The contango indicator (the benchmark rate) should be between 4% and 8% to compensate traders for "locking up" funds before the contract expires. So readings below 2% are falling, while readings above 10% indicate over-optimism.
For the past 30 days, Solana’s futures have been in backwardation, meaning futures contract prices below regular spot exchanges, Laevitas data shows.
Ether futures have an annualized trading rate of 0.5%, while Bitcoin is 2%. Solana's data is a bit concerning as it shows a lack of interest from leveraged buyers.
Rumors about the Alameda study could create more pressure
It’s hard to pinpoint the reason for such apathy toward Solana or even the complete dominance of short-leverage demand. Even stranger is the influence of Alameda Research on the Solana project. Alameda is a digital asset trading firm led by Sam Bankman-Fried.
More recently, trader and cryptocurrency Twitter influencer Hsaka has expressed concern over whether the company has been suppressing the price of SOL, even after a bullish catalyst.
Entire market catching a bid meanwhile Sol aimlessly meandering after two hyper bullish catalysts in such an environment.
Alameda washed up. https://t.co/FuGQvMfRcF— Hsaka (@HsakaTrades) November 4, 2022
Market participants are unlikely actually to experience Alameda Research's impact on SOL prices.

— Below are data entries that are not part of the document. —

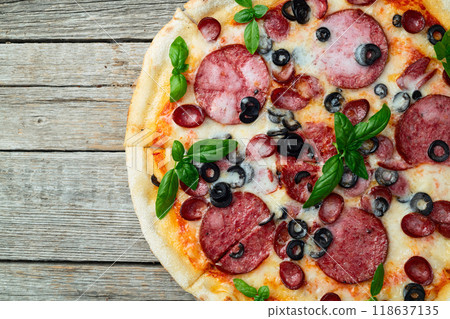 Pizza with mozzarella cheese , salami sausages , olives , and basil Pizza with mozzarella cheese , salami sausages , olives , and basil 118637135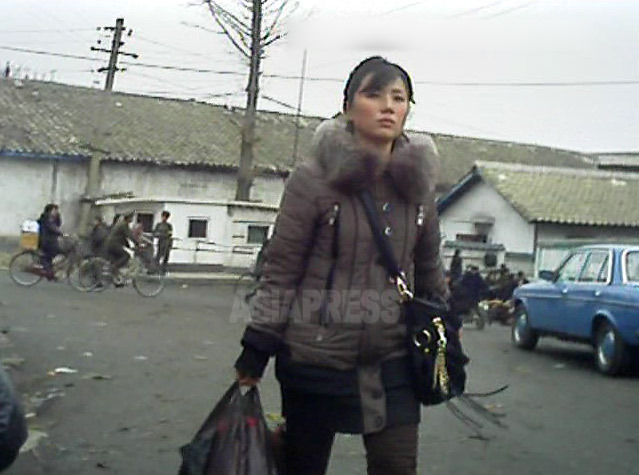 洒落たコートに飾り付きのカバン。髪型も洗練されているように見える。中国の大都市を歩いていそうないで立ちだ。2013年3月平安南道平城(ピョンソン)市にて撮影アジアプレス 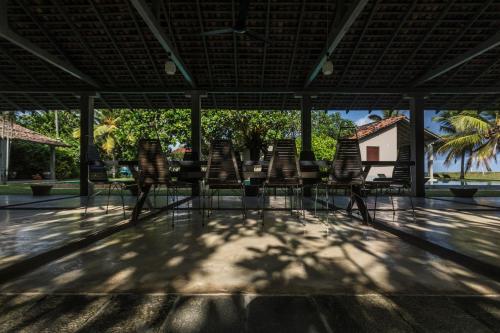 a group of chairs and a table on a patio at The Frangipani Tree by Edwards Collection in Unawatuna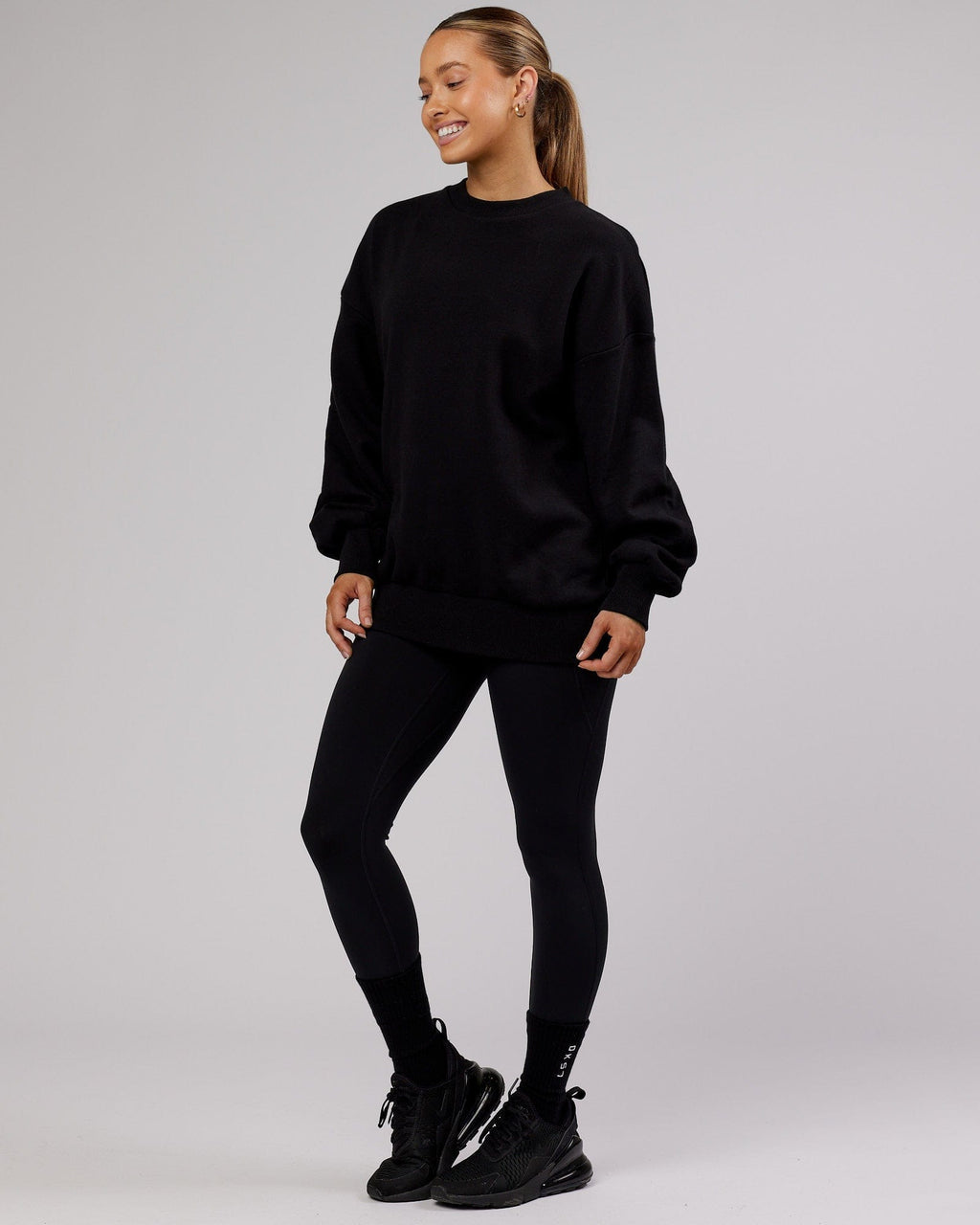 Model wearing Unisex LTRD Sweater Oversize - Black-Pink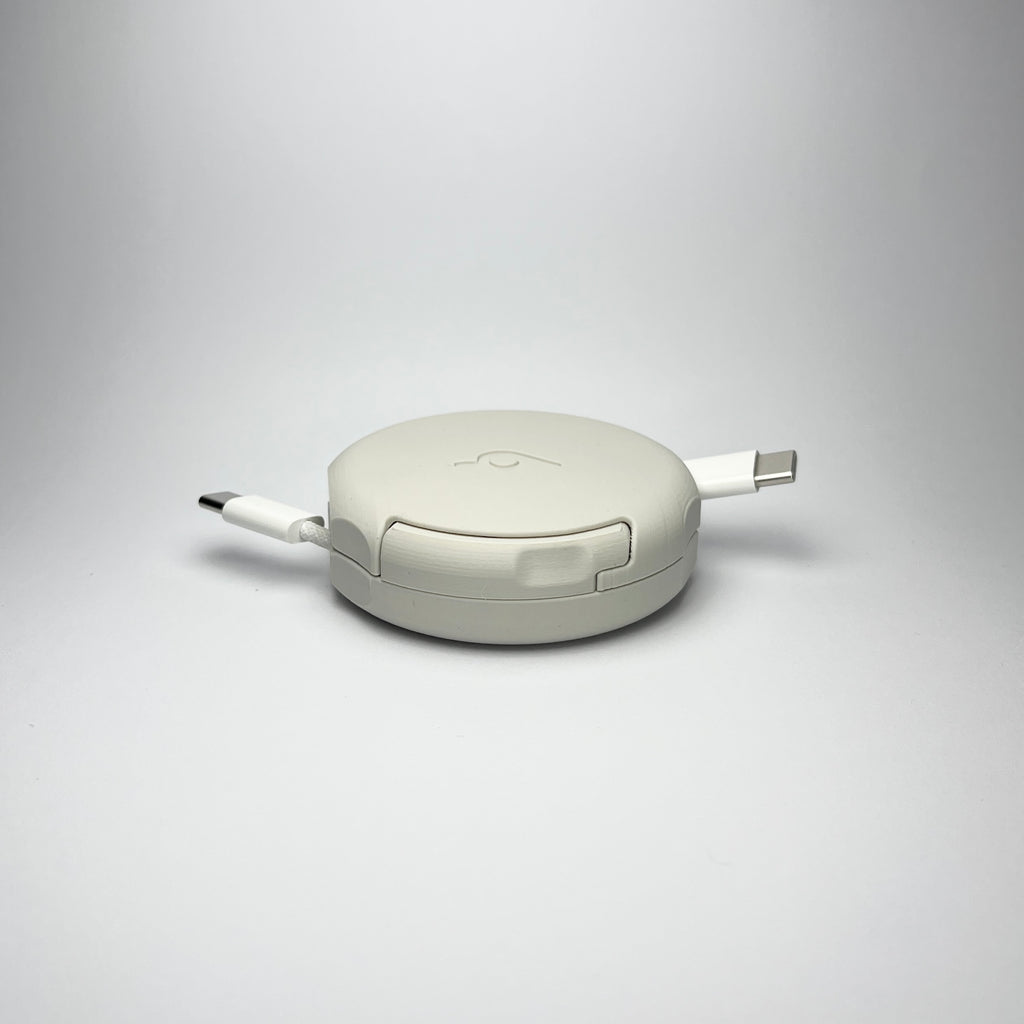 the bottom of the off-white Pebbl 1 mini, with the pebbl Innovations Ltd logo at the bottom of an automatic cable organiser with official Apple 1m charging cable, designed to retract cables instantly at the click of a button.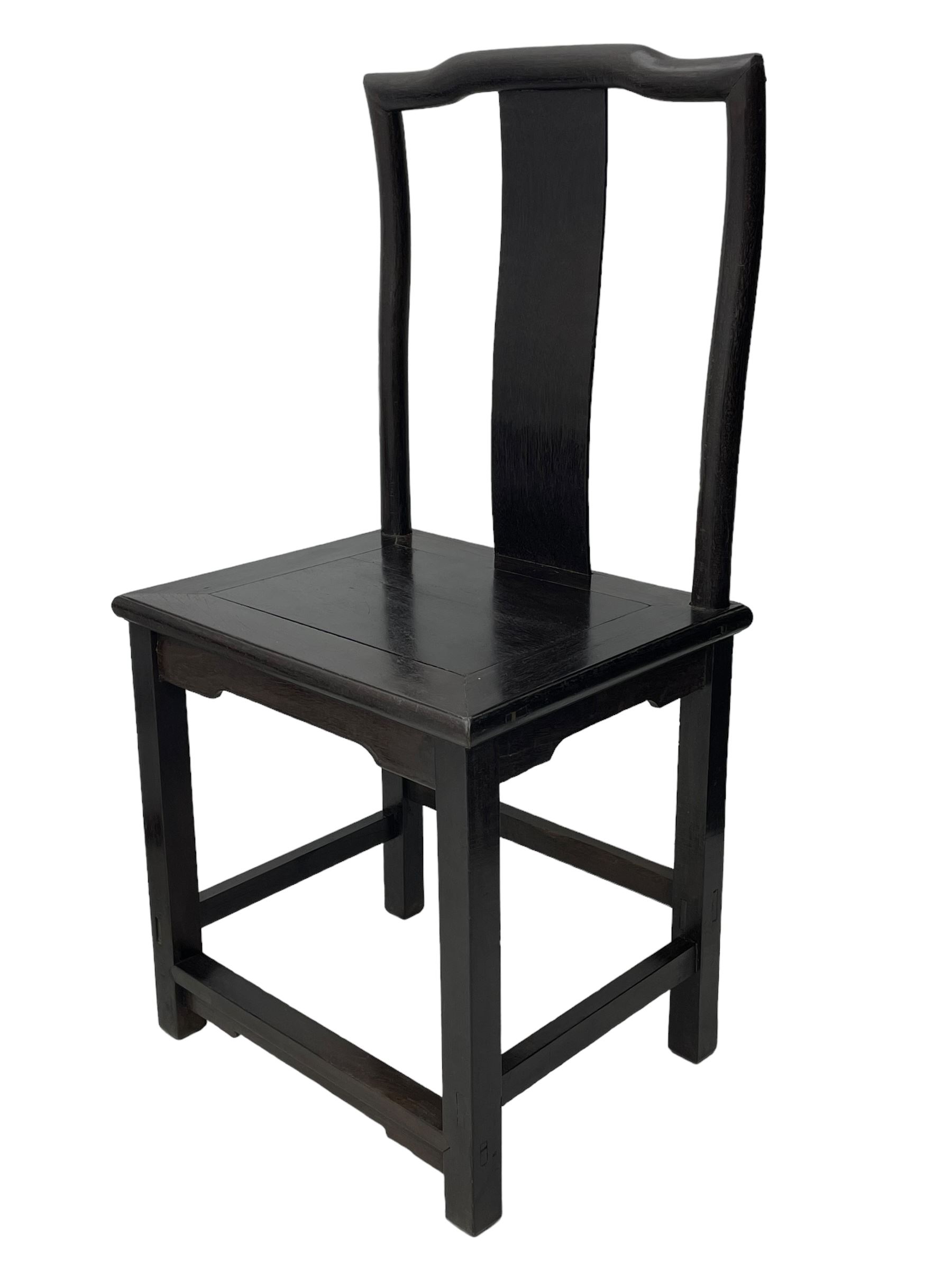 Pair of early 19th century Chinese Qing dynasty black wood side chairs, yoke cresting rail over shaped back panel, panelled rectangular seat on square supports united by stretchers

Nonetheless, the theory proposed by Hsaka could explain the rather unusual steady demand for leveraged shorts and negative benchmark rates. Arbitrage and market-making firms could have used derivatives to reduce risk without selling SOL on the open market.
There are no signs that short sellers using SOL futures instruments are on the verge of liquidation or exhaustion, and they have the upper hand before the broader cryptocurrency market shows signs of strength.